Work instruction
When writing out the entries below, keep only the lines from the line with "Acdelco 84730848 A/C" to the line with "Volume icon", both included, exactly as they are, and leave the pictures aside.

Records provided
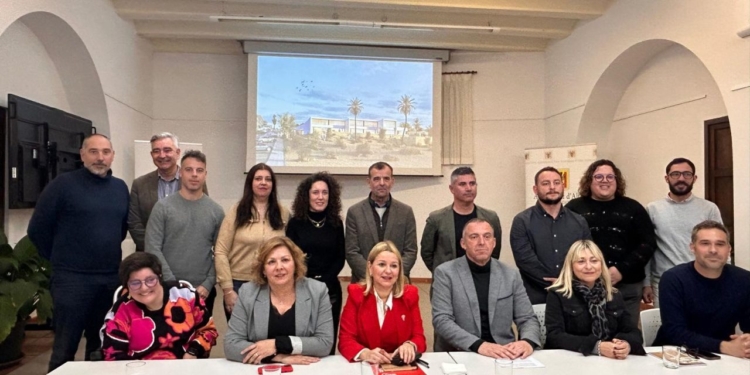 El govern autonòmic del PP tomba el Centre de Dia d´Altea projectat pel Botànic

--

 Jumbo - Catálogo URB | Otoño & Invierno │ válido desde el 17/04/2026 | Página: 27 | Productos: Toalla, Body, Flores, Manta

--

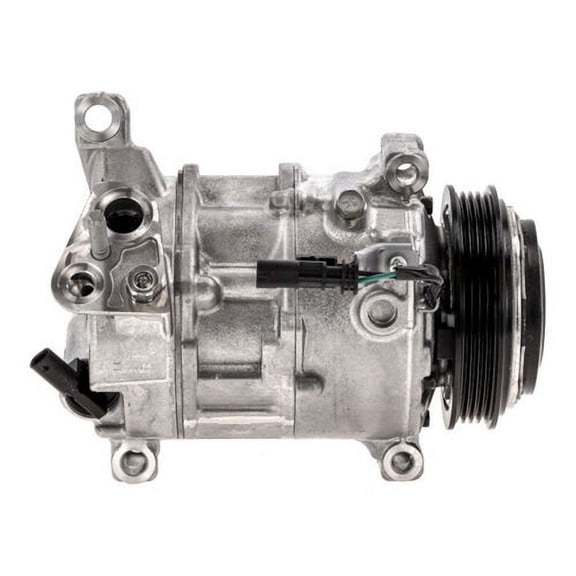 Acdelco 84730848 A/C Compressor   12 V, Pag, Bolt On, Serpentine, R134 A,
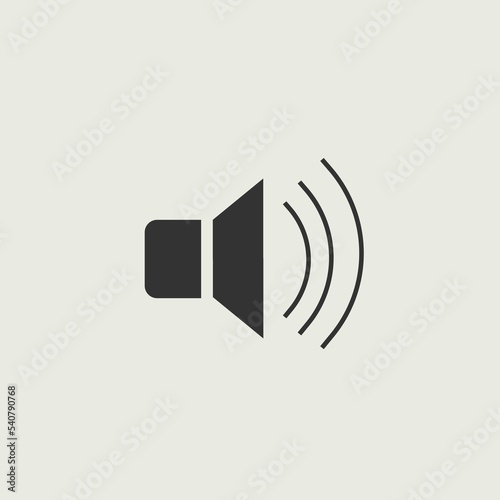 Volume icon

Worked solution
 Acdelco 84730848 A/C Compressor   12 V, Pag, Bolt On, Serpentine, R134 A,
 Volume icon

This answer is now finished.